▶ Supplied data:
◆ ◆ ◆ ◆

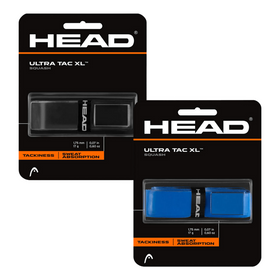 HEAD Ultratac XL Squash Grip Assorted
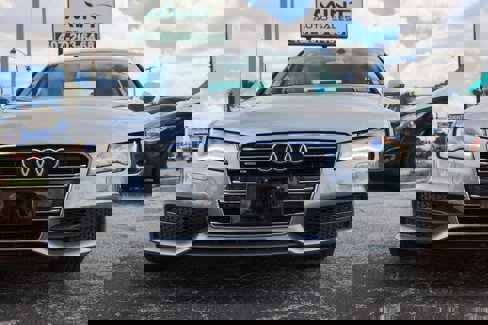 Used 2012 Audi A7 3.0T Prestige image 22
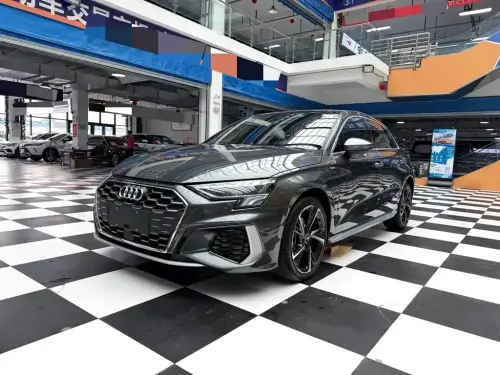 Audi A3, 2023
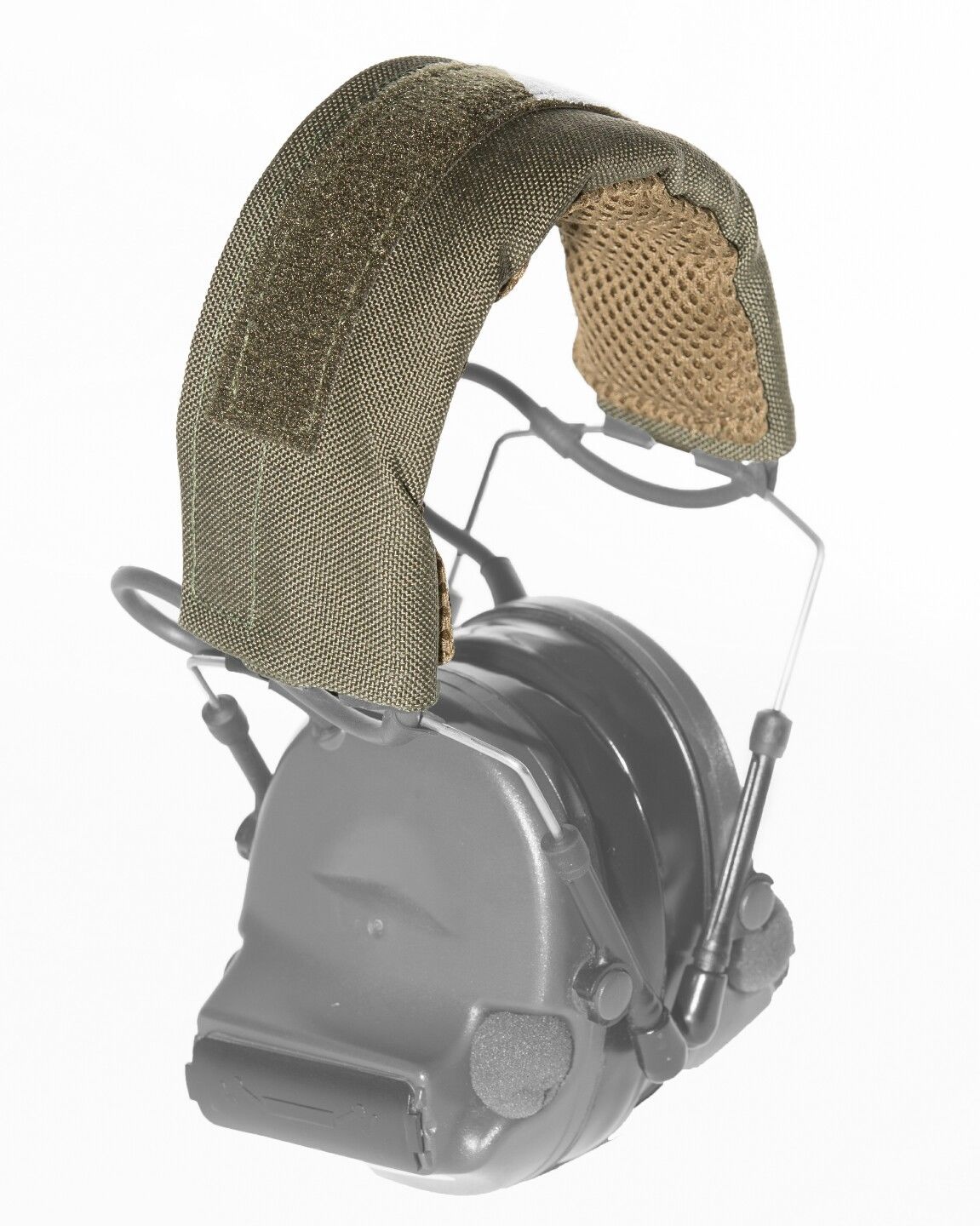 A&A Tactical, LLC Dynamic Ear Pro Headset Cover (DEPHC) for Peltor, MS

◆ ◆ ◆ ◆

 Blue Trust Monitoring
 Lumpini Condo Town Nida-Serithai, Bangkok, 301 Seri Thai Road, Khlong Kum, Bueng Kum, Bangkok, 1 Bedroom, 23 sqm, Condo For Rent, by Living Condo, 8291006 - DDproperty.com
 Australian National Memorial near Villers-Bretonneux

◆ ◆ ◆ ◆

▶ Work order: Write out exactly the run of lines above that starts at the line containing "HEAD Ultratac XL Squash Grip Assorted" and ends at the line containing "A&A Tactical, LLC". Include both, and leave the pictures out.

▶ Written solution:
 HEAD Ultratac XL Squash Grip Assorted
 Used 2012 Audi A7 3.0T Prestige image 22
 Audi A3, 2023
 A&A Tactical, LLC Dynamic Ear Pro Headset Cover (DEPHC) for Peltor, MS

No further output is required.